_TASK BRIEF_
Reproduce each line below precisely. Drop the pictures.

_DATA BELOW_
--*--
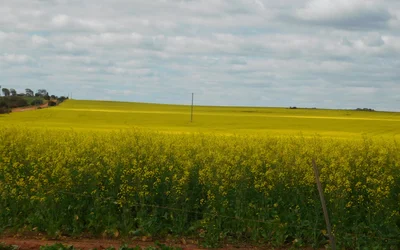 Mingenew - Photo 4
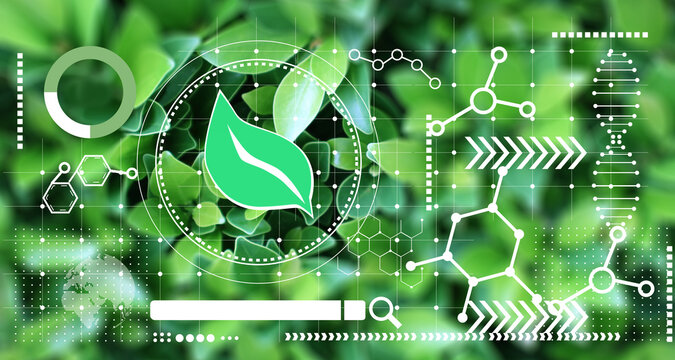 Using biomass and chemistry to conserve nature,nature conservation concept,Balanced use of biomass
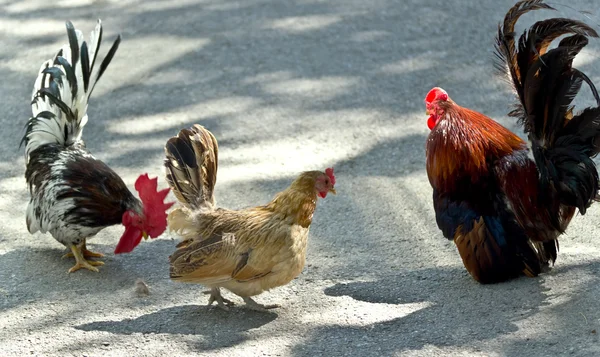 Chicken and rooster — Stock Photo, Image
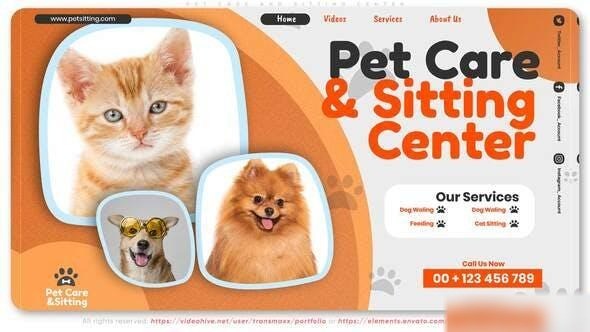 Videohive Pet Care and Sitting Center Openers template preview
--*--
_COMPLETED TASK_
 Mingenew - Photo 4
 Using biomass and chemistry to conserve nature,nature conservation concept,Balanced use of biomass
 Chicken and rooster — Stock Photo, Image
 Videohive Pet Care and Sitting Center Openers template preview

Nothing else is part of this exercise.